Em paralelo a isso, o consumo mundial continua crescendo, ainda que em patamares moderados. A alta mais expressiva se dá na China, mas outras nações, como Filipinas, Malásia, Índia e Vietnã, também começam a consumir mais.
Com isso, os estoques mundiais caem, e, a partir de outubro de 2023, o preço do café no mercado global dispara. Há, afinal, um descompasso entre a produção e o consumo.
Nesse cenário, o Brasil exporta mais, incentivado pela alta dos preços no mercado internacional e pelas dificuldades climáticas enfrentadas pelas demais nações produtoras. Em 2024, o país bateu recorde anual de exportação. Foram embarcadas 50,443 milhões de sacas –número 28,5% maior que em 2023.

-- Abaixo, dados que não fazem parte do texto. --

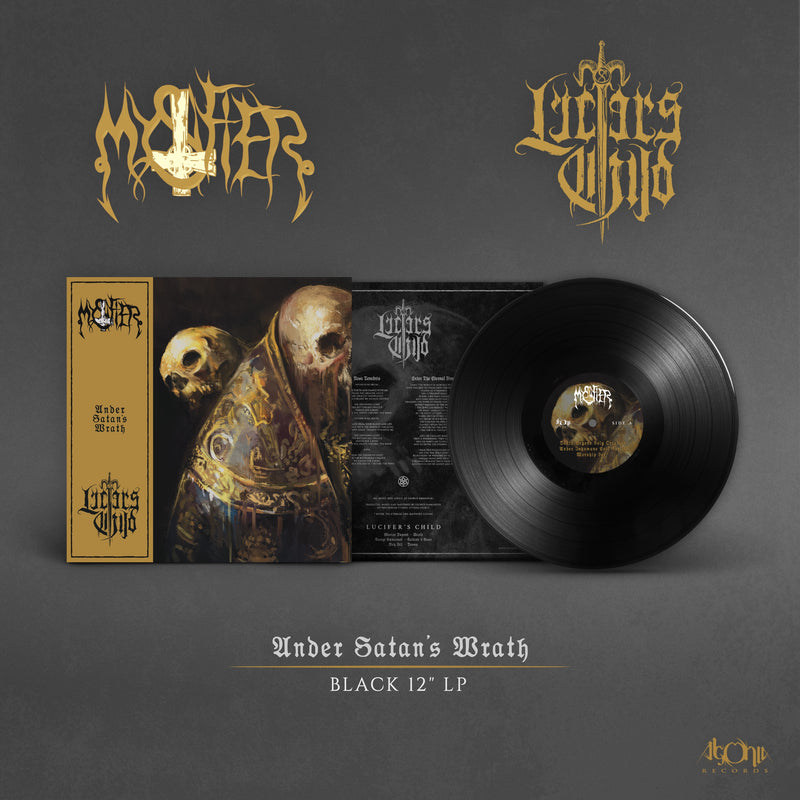 Mystifier / Lucifer's Child "Under Satan's Wrath" Limited Edition 12"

Em 2025, a tendência é que o produto continue caro. Isto porque o preço do café verde subiu mais de 100%, e, no varejo, a alta foi de 40%. Ou seja, o mercado está repassando a alta aos poucos ao consumidor final.

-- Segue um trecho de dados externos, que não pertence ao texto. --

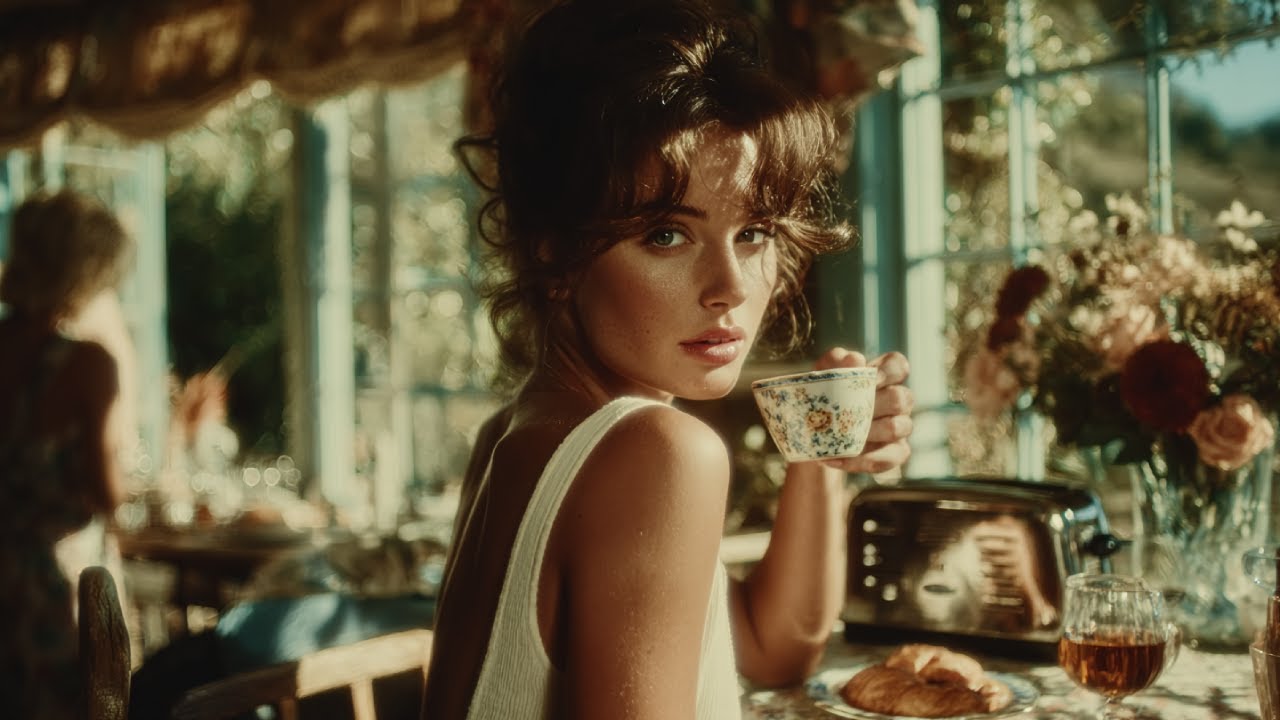 Sea Lyric: A Quiet Vow in Naples | Vintage Romance & The 60s Vibe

Por isso, a expectativa é que o café continue pressionando a inflação nos próximos meses, segundo Pavel Cardoso, presidente da entidade que representa os industriais, a Abic (Associação Brasileira da Indústria de Café).
"A indústria segue repassando alguma coisa agora ainda em fevereiro e março, de maneira muito responsável", diz Cardoso.
No campo, também não há sinal de alívio no curto prazo. A estiagem que atingiu importantes regiões brasileiras produtoras em 2024 comprometeu até a colheita deste ano.
A Conab (Companhia Nacional de Abastecimento) estimou a produção de café do Brasil no ciclo de 2024 em 54,2 milhões de sacas, uma queda de 2% em relação à safra anterior. Para 2025, o órgão projeta uma colheita ainda menor –51,8 milhões de sacas, um recuo de 4,4%.
A chefia da OIC (Organização Internacional do Café), braço das Nações Unidas baseado em Londres que reúne países produtores e consumidores, diz à reportagem que Vietnã e Colômbia –segundo e terceiro maiores produtores do mundo, respectivamente– também sinalizaram ao órgão que há perspectiva de melhora nas suas colheitas.
"Mas a gente ainda está na expectativa sobre o quanto eles vão conseguir produzir a mais e se isso vai suprir o que o Brasil ainda vai estar frustrando", diz Vanusia Nogueira, diretora-executiva da OIC.
A situação para o consumidor pode ficar menos difícil apenas no fim do ano, caso 2025 transcorra sem grandes adversidades climáticas nas regiões produtoras.
"No segundo semestre, quando o mercado já tiver precificado a questão das chuvas, da colheita da safra de 2025 e estiver com um olhar para 2026, com essa florada e a granação de 2026, possivelmente aí sim a gente tenha um arrefecimento e uma tranquilidade maior nessa volatilidade que hoje é vivenciada", diz Cardoso.
Vanusia, da OIC, explica, contudo, que, ainda que as safras deem sinal de melhora e haja um alívio nas cotações mundiais, os preços não devem voltar ao patamar de 2023, quando a saca chegava a ser vendida por cerca de R$ 800,00, o que comprometia a subsistência do agricultor –diferentemente de outras culturas, como a soja, a cafeicultura é muito dependente de pequenos proprietários de terra.
"Os preços para os produtores estavam muito baixos e não estavam dando para o produtor uma renda mínima necessária para eles viverem, para suas famílias viverem e principalmente para que atraísse as novas gerações para continuar produzindo café", diz Vanusia.